61_IPAD_FR-187Pour les histoires, nous retiendrons d’abord celle de la persévérance, et de la capacité des deux leaders à conserver leur sang-froid même dans l’adversité. Car, malgré les attaques répétées de leurs poursuivants, les deux Nicolas ont pratiquement mené la course de bout en bout. Ils n’ont à aucun moment pu se relâcher. Brachard – Fou du Vent de Loris Von Siebenthal et Jérôme Plojoux, ne leur a accordé aucun répit. « Les 5 Jours du Léman, c’est un éternel recommencement », a d’ailleurs commenté Nicolas Anklin après le passage de la ligne d’arrivée. « On peut perdre très rapidement les acquis de quatre jours de course. C’est ce qui s’est passé le matin du dernier jour. Mais heureusement, on a su ressortir avec l’avantage et creuser l’écart à nouveau. »

Le petit temps et la chaleur ont aussi marqué cette édition. Certaines années, la flotte a pu rencontrer des orages quotidiens et traverser des nuits froides et humides. Les 5 Jours 2016 ont été plutôt cléments de ce point de vue, avec un seul grain – de pluie et de grêle – le mercredi soir. Les marins ont donc dû composer avec des airs faibles à modérés et un soleil de plomb. Un paramètre qui a rendu le sommeil de jour difficile, au vu de la fournaise qui a régné dans les cabines. En ne dormant que la nuit, à tour de rôle, les heures de repos ont au final été assez limitées. Et pour supporter la canicule, la plupart des régatiers se sont souvent baignés pour tenter de se rafraîchir, et profiter de contrôler leur carène.

D’ici et d’ailleurs

61_IPAD_FR-189Avec bientôt un quart de siècle d’existence, les 5 Jours du Léman se font de plus en plus connaître en dehors de leur bassin naturel, et plusieurs teams extra-lémaniques ont fait le déplacement pour goûter aux joies de l’enchaînement de tours de lac. Pierre Varin et Frédéric Peroche, sur Club Colombier, n’ont ainsi pas hésité à venir de la Côte d’Azur pour participer à cette course qu’ils connaissent déjà. Très bien partis, ils ont par contre vite subi leur manque de connaissance du Léman en cherchant la ligne directe vers Genève après le départ. Une trajectoire qui leur a coûté quelques places pour les reléguer dans le second groupe la première nuit. Les deux Méditerranéens se sont néanmoins bien battus et terminent à la très honorable 11e place. Eric et Ganesha Jurt de Code-Barre, ainsi qu ’Emanuel Müller et Lorenz Kausche de SRS1 se sont déplacés du lac de Neuchâtel. Ils apprécient évidemment ce format qui n’est pas proposé dans leur région, mais ont tous relevé la difficulté d’apprivoiser le système météorologique propre au parcours. « C’est assez difficile pour nous, car nous ne sommes pas habitués à ce lac et c’est notre première participation », a déclaré Lorenz. « Mais peut-être que ça nous facilite aussi la vie. On a le coeur plus libre pour tenter des choses. Quand nous sommes partis sur la côte Suisse cet après-midi, nous n’étions pas forcément convaincus, et finalement ça a payé ».

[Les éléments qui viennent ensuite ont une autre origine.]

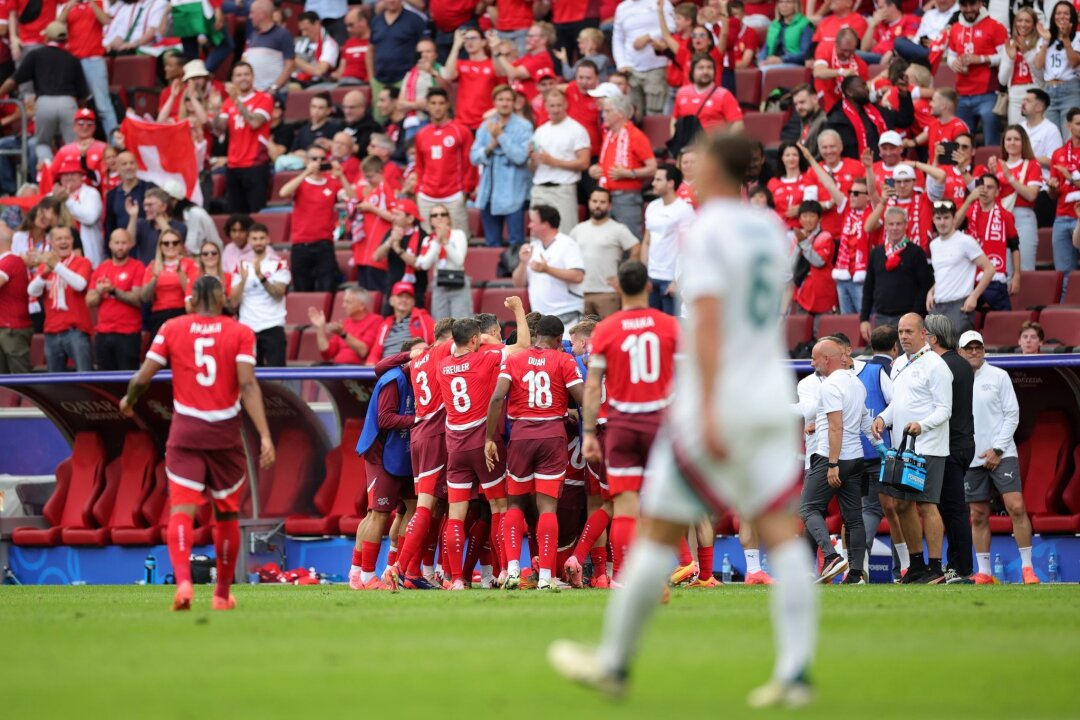 Xhaka jubelt: Schweizer Sieg mit vier Geschichten - Die Schweiz startet mit einem 3:1-Erfolg in die Fußball-Europameisterschaft.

Sandro et Christa Kuster sont même venus même d’outre-Sarine. « C’est la troisième fois que nous participons, mais le Léman reste toujours aussi complexe », relève Christa. « Nous commençons à saisir certaines situations, mais quand il y a peu de vent, on peut avoir un concurrent à 50 mètres qui s’échappe sans qu’on ne puisse rien faire. »

En attendant la 25e

Cet engouement externe est bien sûr très apprécié du comité d’organisation, qui ne cache pas son rêve de voir s’inscrire une ou deux stars. « Evidemment, pour la 25e l’an prochain, ce serait super de pouvoir faire venir un équipage français réputé », a confié Pierre Fayet, président de l’épreuve depuis cette édition. En effet, le Cercle de la voile de Vidy s’apprête à fêter le quart de siècle de cette course qui n’a cessé de prendre du grade au fil des ans. Les meilleures années ont vu jusqu’à 40 inscrits, un nombre que le comité a décidé de fixer comme limite raisonnable pour conserver une organisation à taille humaine. Et comme les anniversaires sont toujours un bon prétexte, il n’est pas exclu de voir arriver en juillet prochain des anciens qui décident, pour l’occasion, d’en refaire une petite, juste pour la route.